* ASSIGNED TASK *
From the line containing "imaginary white box" through the last line of the records below, output every line exactly as it appears, but leave out the pictures.

* SUPPLIED RECORDS *
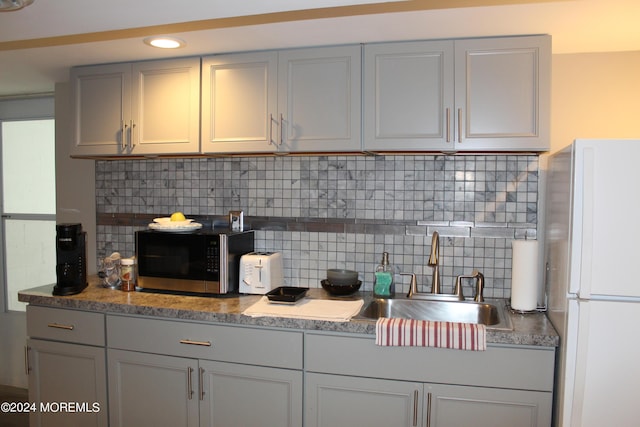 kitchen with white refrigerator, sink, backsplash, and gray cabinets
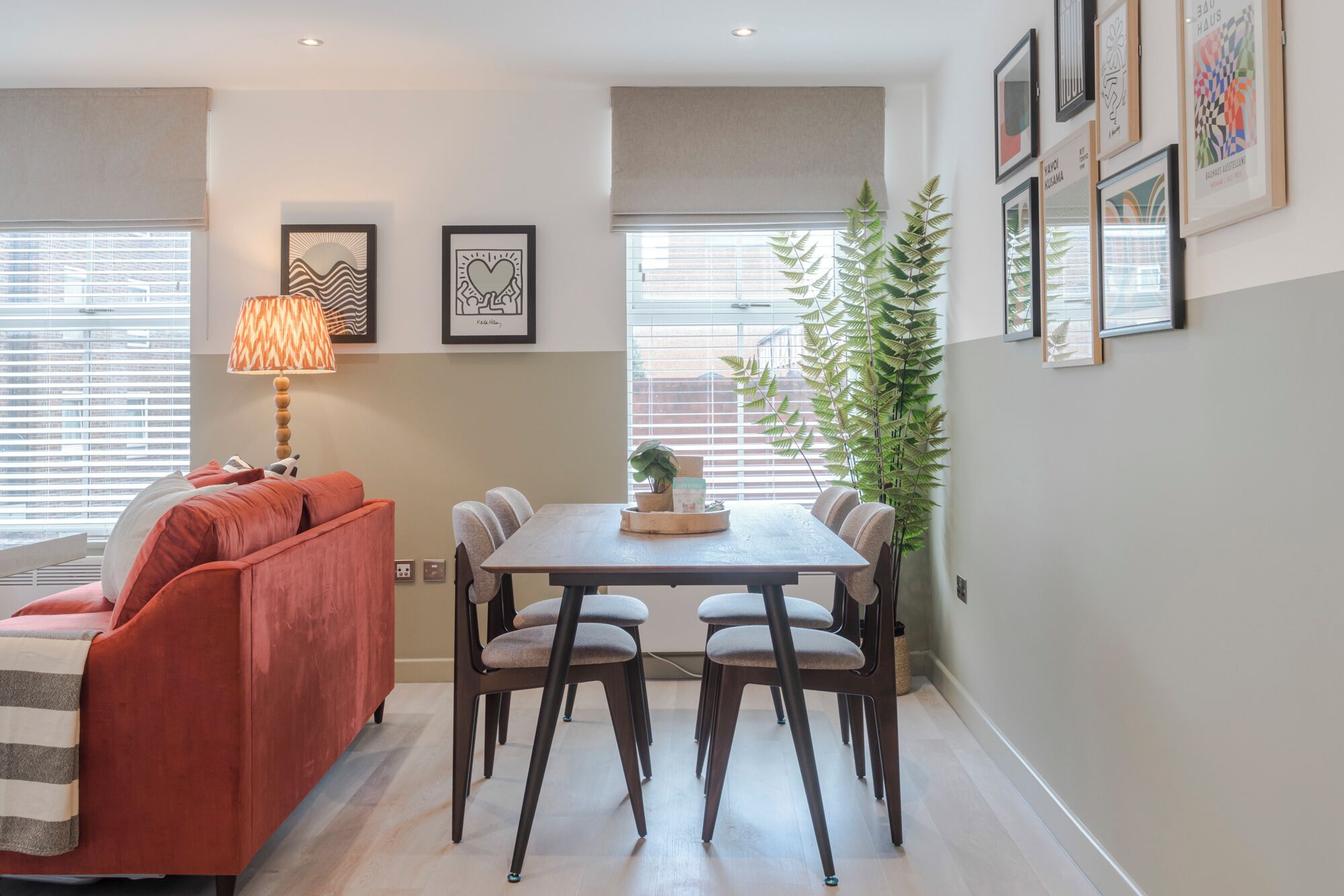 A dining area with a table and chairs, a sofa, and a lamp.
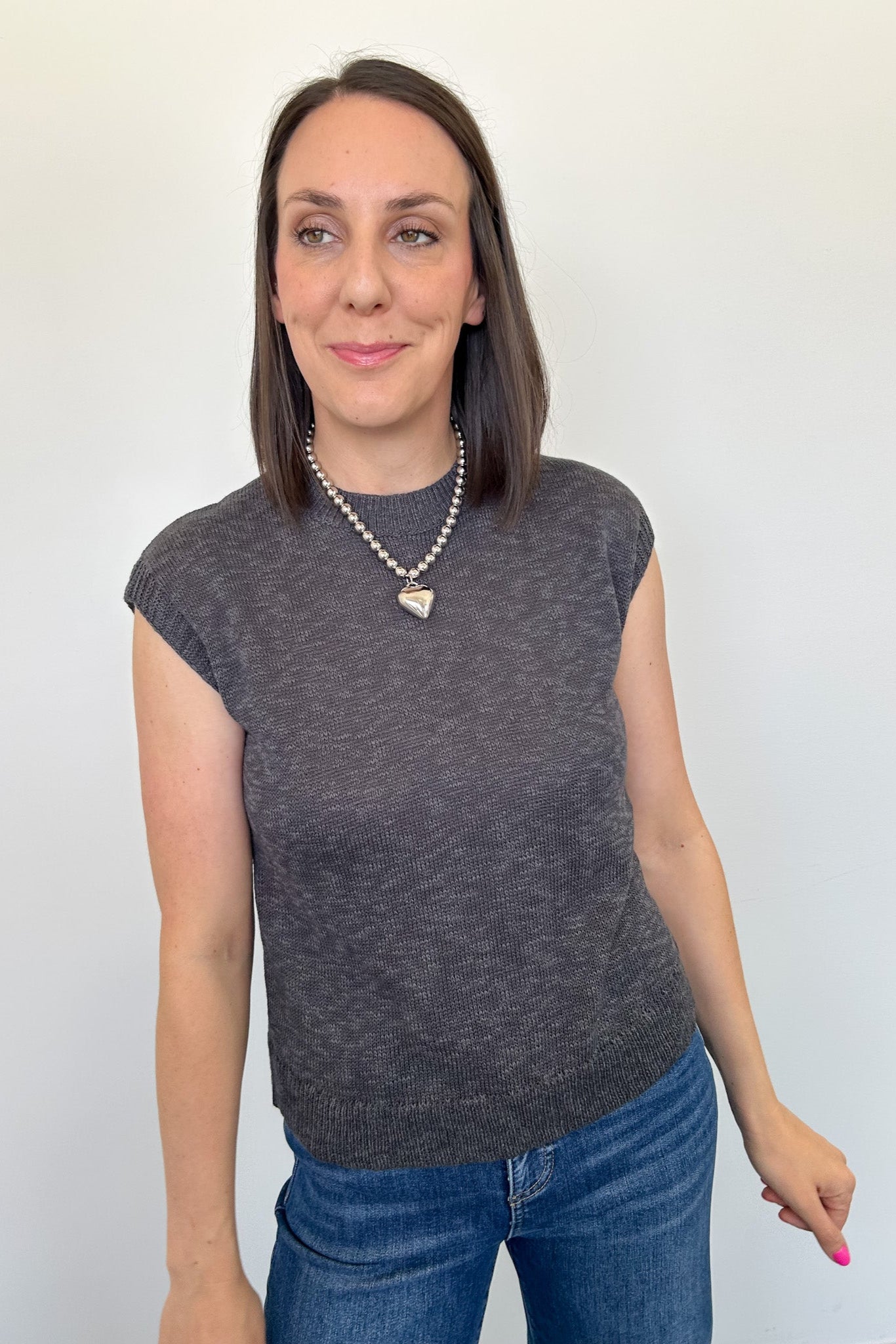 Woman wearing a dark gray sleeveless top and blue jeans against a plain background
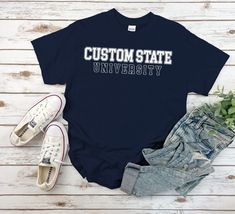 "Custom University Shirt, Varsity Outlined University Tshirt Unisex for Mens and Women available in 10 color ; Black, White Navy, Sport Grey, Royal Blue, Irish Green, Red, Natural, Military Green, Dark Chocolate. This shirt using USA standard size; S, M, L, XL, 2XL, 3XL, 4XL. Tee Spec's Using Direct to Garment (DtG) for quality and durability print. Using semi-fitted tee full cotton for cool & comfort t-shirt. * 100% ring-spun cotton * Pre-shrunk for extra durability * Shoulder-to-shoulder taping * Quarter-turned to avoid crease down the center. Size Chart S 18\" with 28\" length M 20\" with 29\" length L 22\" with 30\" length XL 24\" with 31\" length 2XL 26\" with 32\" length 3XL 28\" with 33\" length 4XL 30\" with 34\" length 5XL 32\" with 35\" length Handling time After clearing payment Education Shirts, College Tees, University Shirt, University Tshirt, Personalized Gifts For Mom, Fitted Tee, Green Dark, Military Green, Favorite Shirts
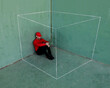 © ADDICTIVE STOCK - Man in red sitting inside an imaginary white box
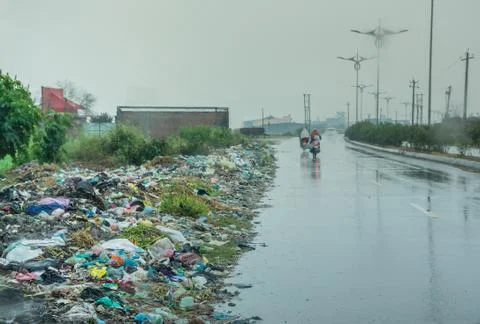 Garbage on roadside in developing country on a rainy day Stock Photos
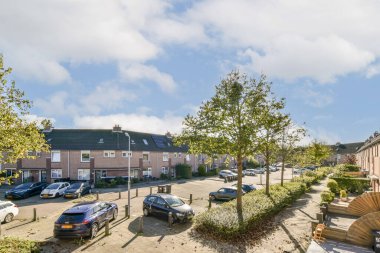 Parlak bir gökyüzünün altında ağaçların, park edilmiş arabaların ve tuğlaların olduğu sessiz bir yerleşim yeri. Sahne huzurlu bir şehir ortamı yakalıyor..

* THE ANSWER *
 © ADDICTIVE STOCK - Man in red sitting inside an imaginary white box
 Garbage on roadside in developing country on a rainy day Stock Photos
 Parlak bir gökyüzünün altında ağaçların, park edilmiş arabaların ve tuğlaların olduğu sessiz bir yerleşim yeri. Sahne huzurlu bir şehir ortamı yakalıyor..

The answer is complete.